#### [WHAT YOU HAVE TO DO]
Every line containing the word "Estate" is to be copied from the data below.
┌─ SOURCE DATA
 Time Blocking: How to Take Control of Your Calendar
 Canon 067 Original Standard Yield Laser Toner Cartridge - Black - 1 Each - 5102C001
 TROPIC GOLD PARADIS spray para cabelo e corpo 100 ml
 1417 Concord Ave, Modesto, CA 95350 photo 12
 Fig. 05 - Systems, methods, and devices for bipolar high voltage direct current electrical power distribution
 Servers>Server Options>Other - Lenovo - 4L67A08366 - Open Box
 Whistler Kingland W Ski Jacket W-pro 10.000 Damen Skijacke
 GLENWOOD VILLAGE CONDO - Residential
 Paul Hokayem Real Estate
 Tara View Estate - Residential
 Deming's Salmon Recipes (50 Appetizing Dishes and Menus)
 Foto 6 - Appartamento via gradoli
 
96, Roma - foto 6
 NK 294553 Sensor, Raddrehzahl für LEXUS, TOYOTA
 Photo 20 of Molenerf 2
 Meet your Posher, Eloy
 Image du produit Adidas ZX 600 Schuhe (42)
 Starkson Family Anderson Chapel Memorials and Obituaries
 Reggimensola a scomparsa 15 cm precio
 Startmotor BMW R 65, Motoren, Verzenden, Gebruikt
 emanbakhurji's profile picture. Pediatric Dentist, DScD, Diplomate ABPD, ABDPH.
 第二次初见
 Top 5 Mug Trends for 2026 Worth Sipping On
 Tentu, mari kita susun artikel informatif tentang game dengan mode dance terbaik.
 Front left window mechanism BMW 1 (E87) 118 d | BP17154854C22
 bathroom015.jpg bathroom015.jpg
└─
#### [ANSWER SECTION]
 Paul Hokayem Real Estate
 Tara View Estate - Residential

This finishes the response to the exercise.